However, specific images were removed in only two of the cases — in both instances there was proof the person in the image was under 17 and the nature of the images constituted child pornography under the Child Trafficking and Pornography Act, 1998.
Hotline.ie, run by the Internet Service Providers Association of Ireland (ispai.ie), is legally hamstrung in that it can only ensure images which are illegal under Irish law are taken down if they are hosted in the Irish jurisdiction.
However, director Paul Durrant said it does liaise with authorities in other jurisdictions with a view to having images removed and this is what had happened in the case of the website relevant to this story.
The site is hosted in the Netherlands, and the Dutch also have a hotline, part of the INHOPE international hotline network to which Ireland belongs.
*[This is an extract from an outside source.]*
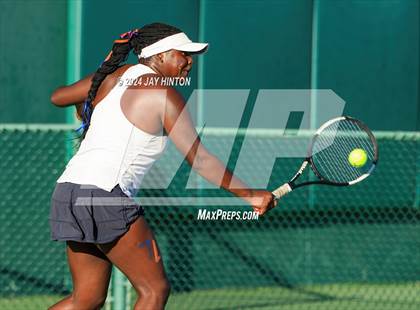 Thumbnail 2 in Round Rock Westwood vs Seven Lakes (UIL 6A Tennis Final) photogallery.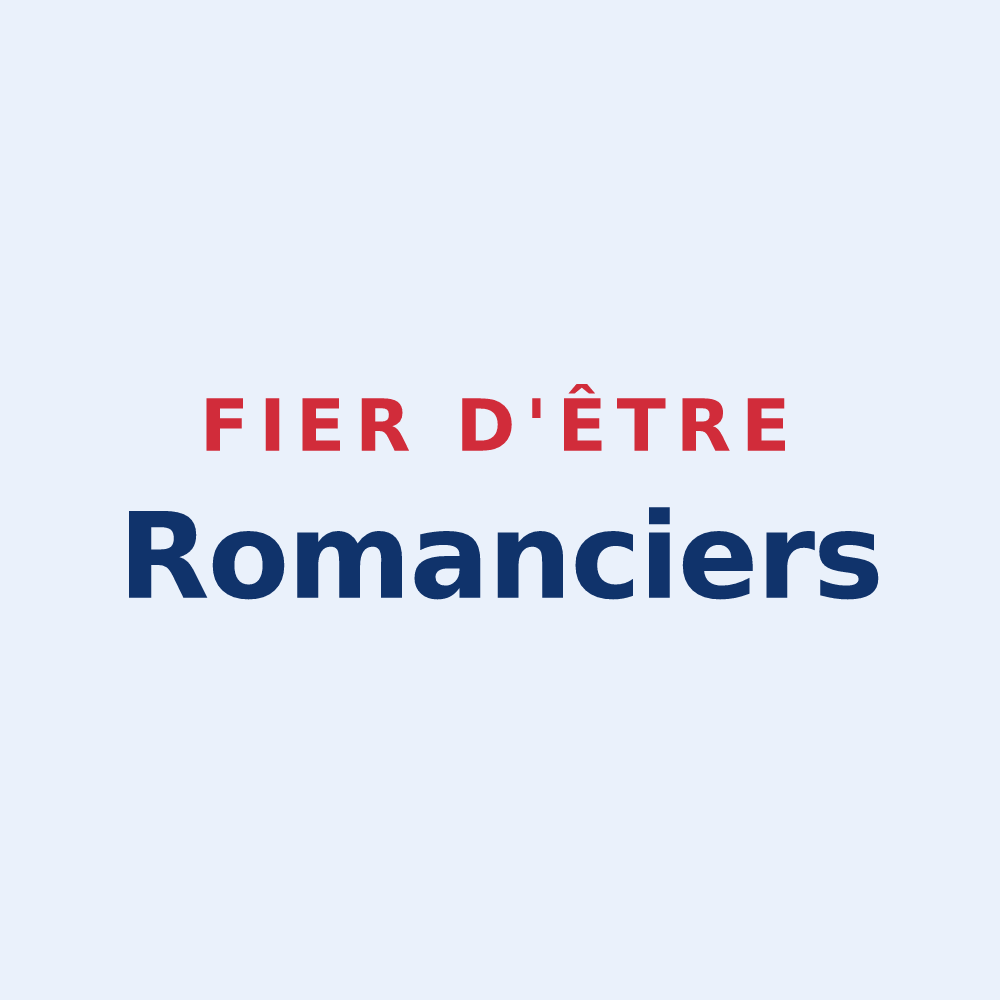 Sticker « Fier d'être Romanciers » — design pour Acy-Romance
When Hotline.ie notified the Dutch hotline, it was able to have the images that constituted child pornography taken down in less than 48 hours.
Mr Durrant said while the site content is governed by Dutch law, the hosting provider was not the website owner. He said the owner of the domain is protected by Whoisguard Inc, who have a PO Box, in Panama. “The owners/operators of this site could therefore be based anywhere in the world, we have no idea where,” he said.
Hotline.ie provides an anonymous service for members of the public to report suspected illegal content, particularly child sexual abuse material, accidentally encountered online, in a secure and confidential way. It works in collaboration with An Garda Síochána and is overseen by the Department of Justice.